** Opening MATERIAL PROVIDED block **

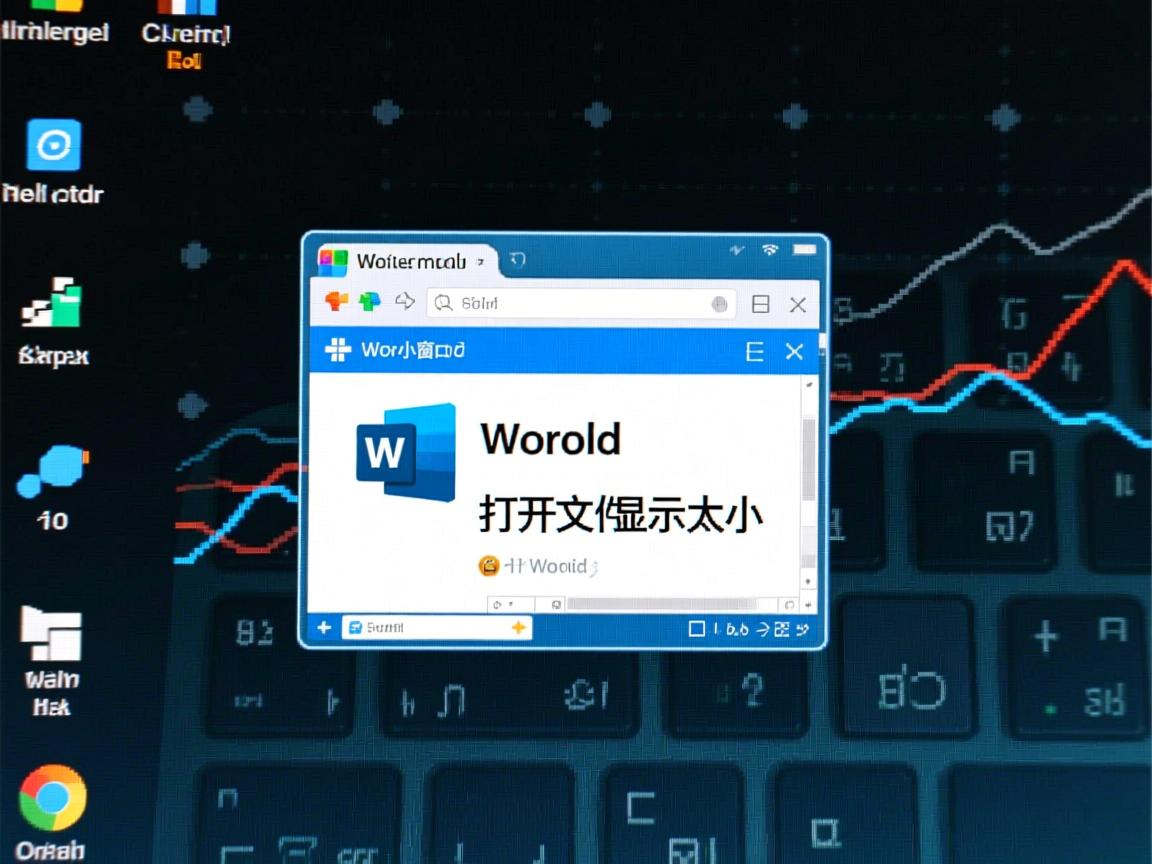 Word启动总显示小窗口,Word打开文档显示太小 第2张 Word启动总显示小窗口,Word打开文档显示太小 第2张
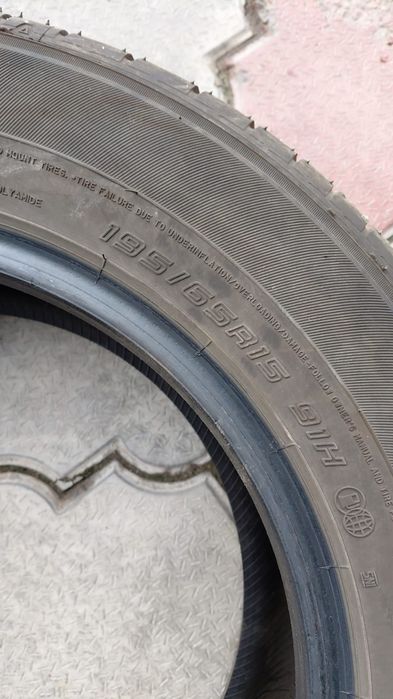 Резина летняя r15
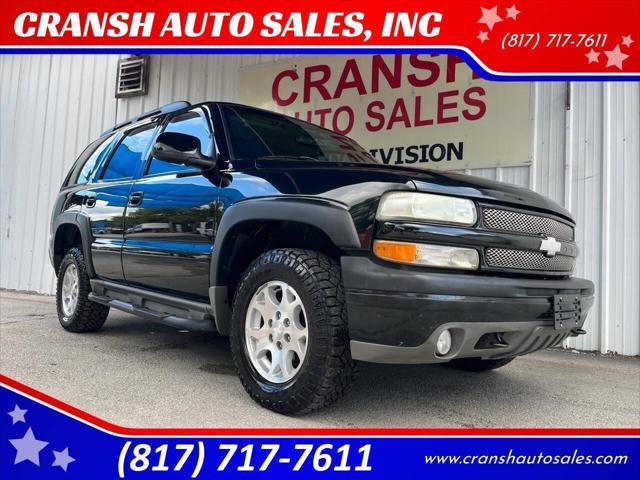 used 2003 Chevrolet Tahoe car, priced at $6,975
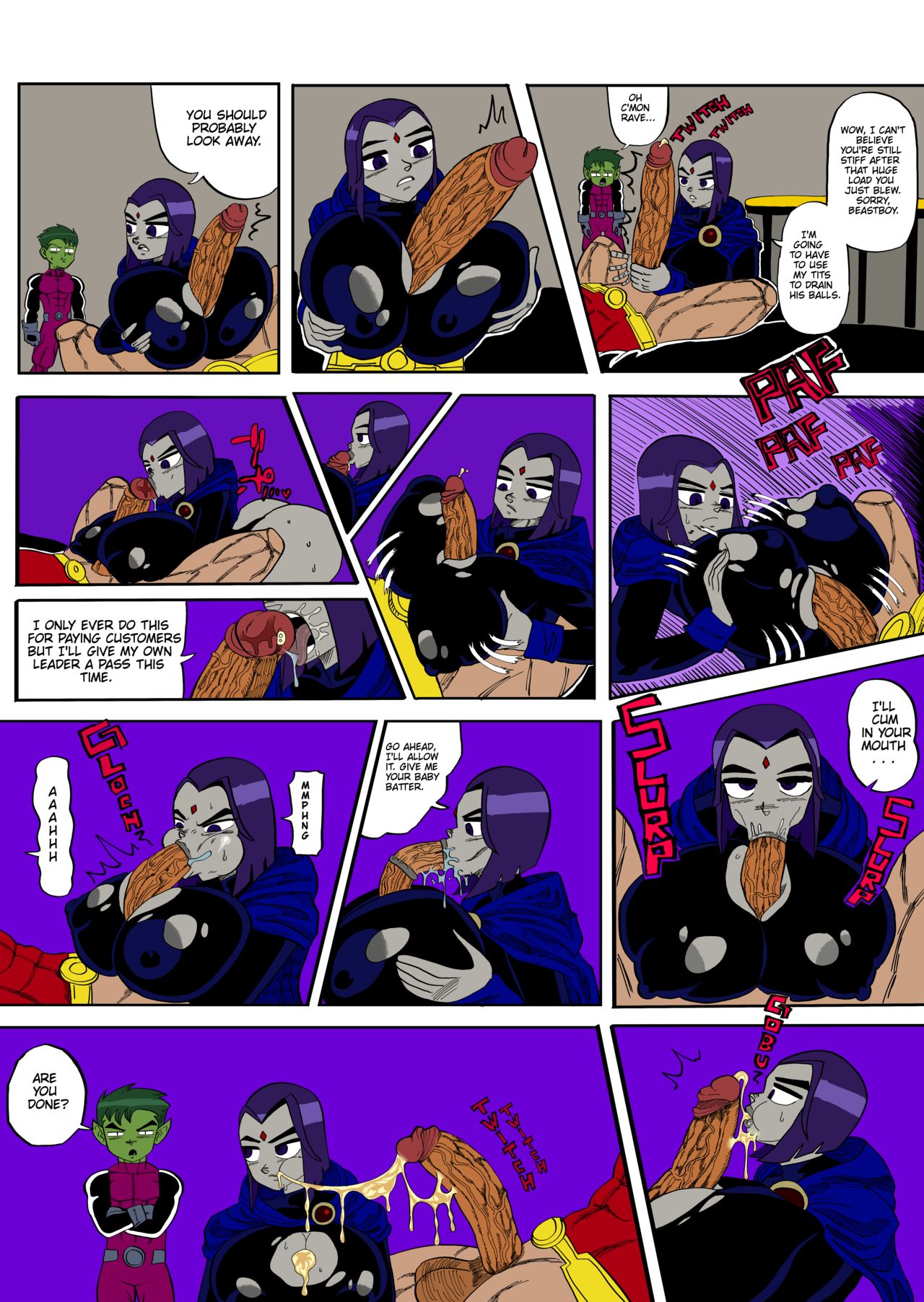 Teen Titans Relief – DoompyPomp [photo 4] - MangaPorn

** Closing MATERIAL PROVIDED block **

Please repeat every line of the material above exactly and without its pictures.

RESULT ::
 Word启动总显示小窗口,Word打开文档显示太小 第2张 Word启动总显示小窗口,Word打开文档显示太小 第2张
 Резина летняя r15
 used 2003 Chevrolet Tahoe car, priced at $6,975
 Teen Titans Relief – DoompyPomp [photo 4] - MangaPorn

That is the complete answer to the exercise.